Action item
Every line from the one with "A modern Hamadan" through the last line below should be repeated exactly; pictures stay out of the copy.

Segment Start: Provided material

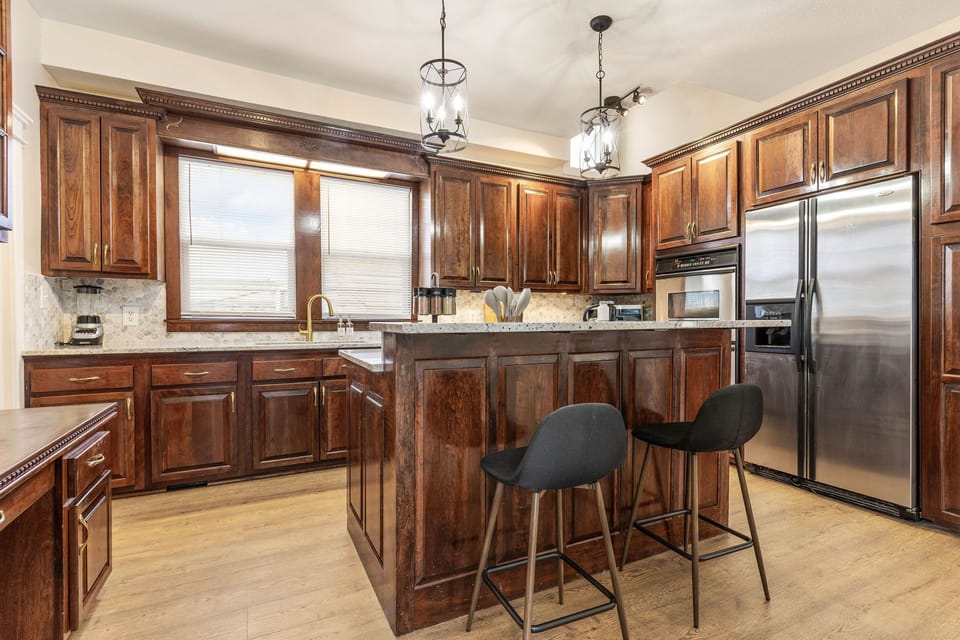 Gourmet Kitchen: Elegant wooden cabinetry and stylish island for your culinary adventures! Stocked with all the culinary essentials.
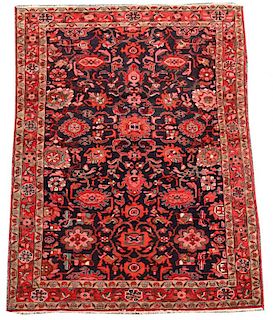 A modern Hamadan rug, floral design on a dark red ground 227 x 147cm (89 x 57in) <br. <br>Good level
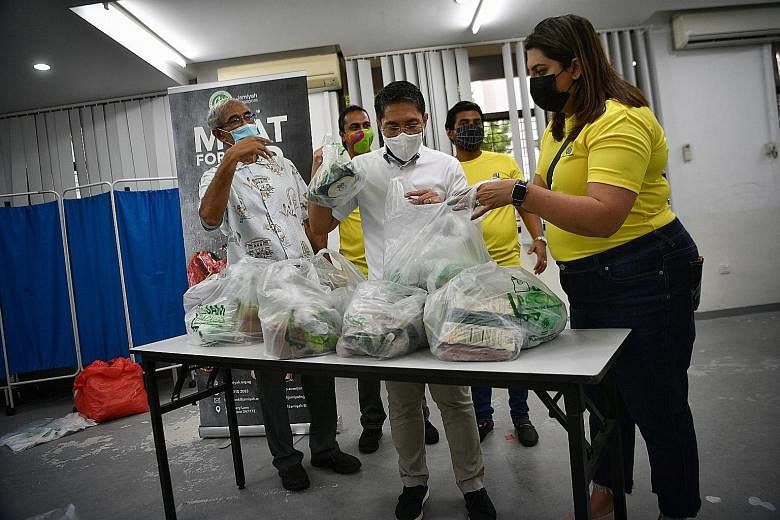 Minister in the Prime Minister's Office Maliki Osman (centre) helping to pack festive gift packs at the Siglap Community Centre on Saturday. Each contains 2kg of meat, two chickens, basmati rice, rendang paste and a packet of instant ketupat, so fami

Segment End: Provided material

Answer area
 A modern Hamadan rug, floral design on a dark red ground 227 x 147cm (89 x 57in) <br. <br>Good level
 Minister in the Prime Minister's Office Maliki Osman (centre) helping to pack festive gift packs at the Siglap Community Centre on Saturday. Each contains 2kg of meat, two chickens, basmati rice, rendang paste and a packet of instant ketupat, so fami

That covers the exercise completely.